We wanted to take a moment to note Jim Harrison’s birthday, and while he’s not exactly a fly fishing specific writer, he’s still one of the handful of writers who loom large over the fly fishing landscape.

(Interestingly, it’s Thomas McGuane’s birthday too, who is one of the “other” writers who looms large.)

From the Writer’s Almanac site comes this little passage about Jim Harrison’s life::

He had a couple of major accidents that ended up changing his writing career. When he was seven years old, he was playing with a friend and she accidentally cut him across the face and he went blind in one eye. And he felt like that set him apart from other kids, and he started turning to nature, to the woods and creeks and fields. And then, when he was in his 30s, he hurt his back badly while he was hunting and he was confined to bed. He was an active person, loved to be outdoors, and he didn’t know what to do with so much time.

His good friend, the novelist Thomas McGuane, suggested he try working on a novel. In 1971, he published Wolf: A False Memoir, and he has gone on to write many more novels, novellas, and books of poems.

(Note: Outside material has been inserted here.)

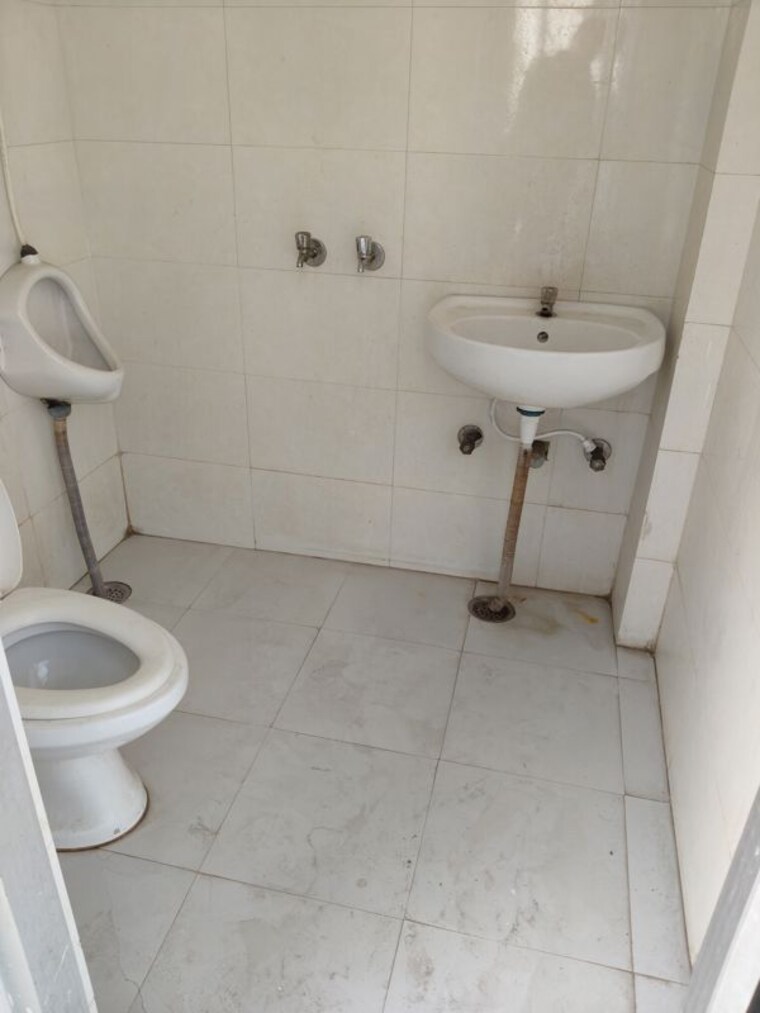 Floor Plan, sector 63 Commercial Warehouse 1700 Sq.Yd. In Sector 63 Noida 10206458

But for a long time he thought of himself as a poet more than anything else, and said about his novels: “They sometimes strike me as extra, burly flesh on the true bones of my life though a few of them approach some of the conditions of poetry.”

Two monster writer birthdays on one day calls for a little “bad boy” literary celebration. In that spirit, we urge you to shoot your TV tonight!

See you loading the shotgun, Tom Chandler.